Work request: Transcribe exactly, and only, the lines from the one containing "Top-rated yard cleanup" through the last line of the data.

Supplied data:
-=-=-

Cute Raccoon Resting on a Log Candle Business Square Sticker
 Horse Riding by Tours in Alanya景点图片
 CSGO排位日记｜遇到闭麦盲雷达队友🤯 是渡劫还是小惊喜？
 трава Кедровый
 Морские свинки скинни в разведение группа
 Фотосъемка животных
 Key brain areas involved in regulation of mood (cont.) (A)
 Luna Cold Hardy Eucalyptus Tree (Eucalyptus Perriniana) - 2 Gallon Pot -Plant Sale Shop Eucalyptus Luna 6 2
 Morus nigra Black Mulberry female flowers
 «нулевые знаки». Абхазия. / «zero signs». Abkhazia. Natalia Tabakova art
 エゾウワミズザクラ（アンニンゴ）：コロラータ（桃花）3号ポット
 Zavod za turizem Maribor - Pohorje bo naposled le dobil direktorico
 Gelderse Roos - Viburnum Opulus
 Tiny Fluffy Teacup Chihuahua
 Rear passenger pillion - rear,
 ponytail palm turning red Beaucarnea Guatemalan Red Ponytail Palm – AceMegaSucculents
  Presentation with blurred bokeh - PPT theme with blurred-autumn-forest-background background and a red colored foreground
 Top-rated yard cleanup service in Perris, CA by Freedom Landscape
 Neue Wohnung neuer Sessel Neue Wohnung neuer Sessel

-=-=-

Answer space:
 Top-rated yard cleanup service in Perris, CA by Freedom Landscape
 Neue Wohnung neuer Sessel Neue Wohnung neuer Sessel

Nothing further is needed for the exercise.